GOAL OF THE EXERCISE: Make the copy match the entries below exactly, with no pictures carried over.

Brief descriptive captions:
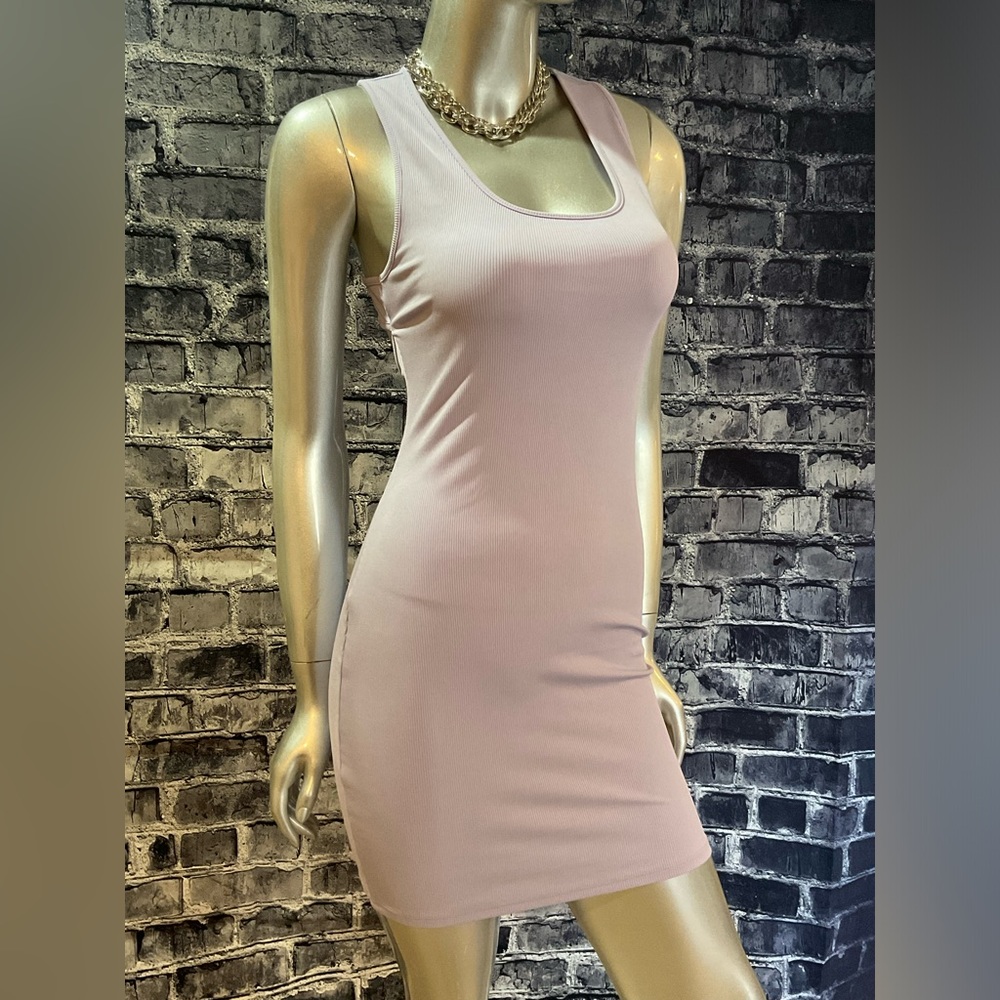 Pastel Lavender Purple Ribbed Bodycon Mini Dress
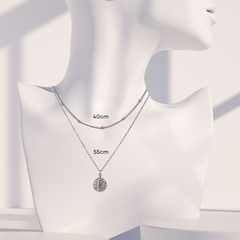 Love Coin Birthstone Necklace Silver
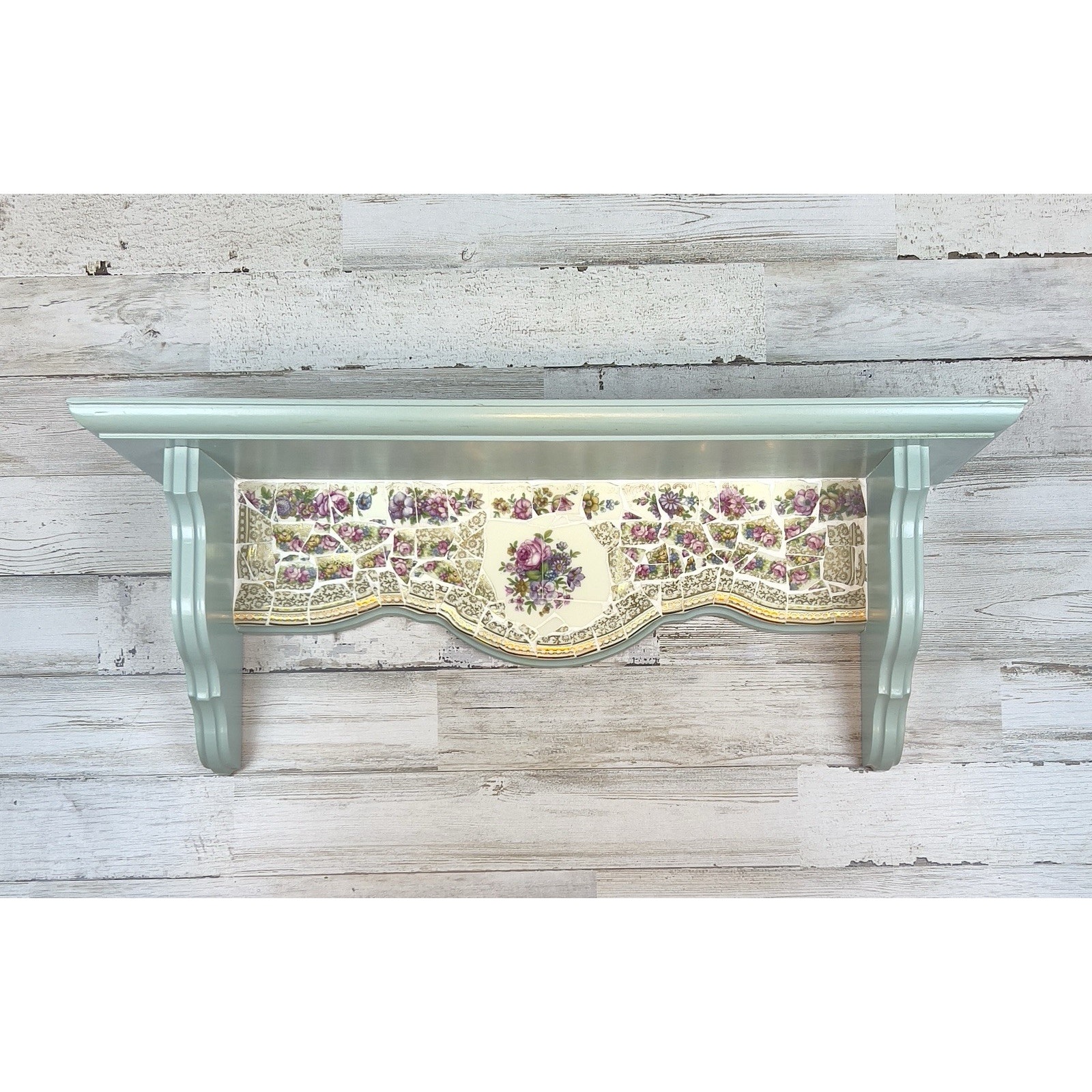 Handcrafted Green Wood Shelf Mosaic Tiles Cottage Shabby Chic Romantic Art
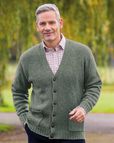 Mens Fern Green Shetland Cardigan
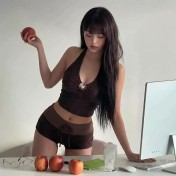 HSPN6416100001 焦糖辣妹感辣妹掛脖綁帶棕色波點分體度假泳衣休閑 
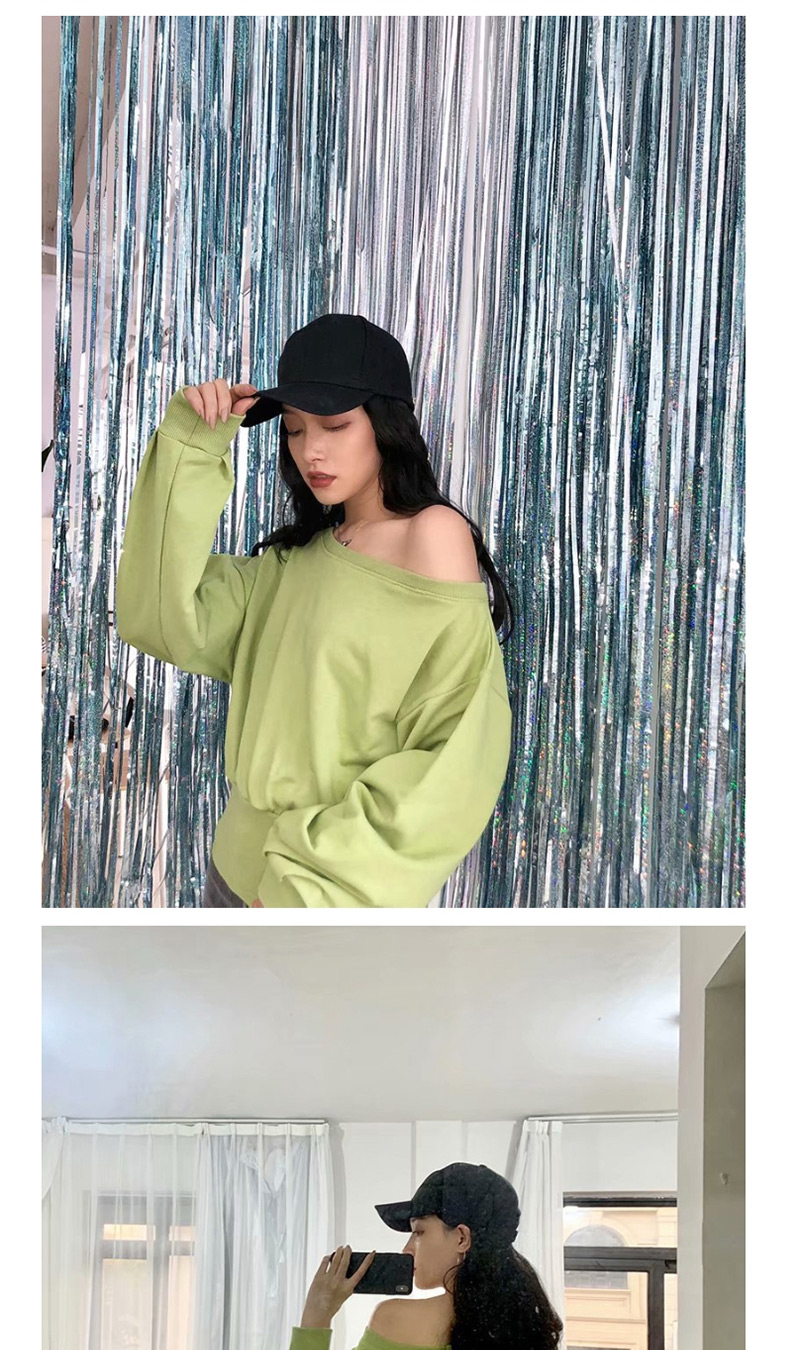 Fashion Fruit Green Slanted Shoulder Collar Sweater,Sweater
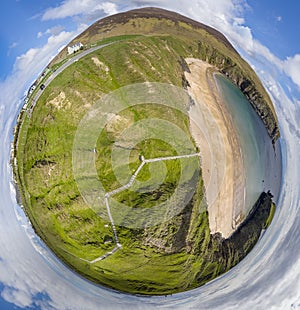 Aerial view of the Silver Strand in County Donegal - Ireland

ANSWER TO THIS TASK:
 Pastel Lavender Purple Ribbed Bodycon Mini Dress
 Love Coin Birthstone Necklace Silver
 Handcrafted Green Wood Shelf Mosaic Tiles Cottage Shabby Chic Romantic Art
 Mens Fern Green Shetland Cardigan
 HSPN6416100001 焦糖辣妹感辣妹掛脖綁帶棕色波點分體度假泳衣休閑 
 Fashion Fruit Green Slanted Shoulder Collar Sweater,Sweater
 Aerial view of the Silver Strand in County Donegal - Ireland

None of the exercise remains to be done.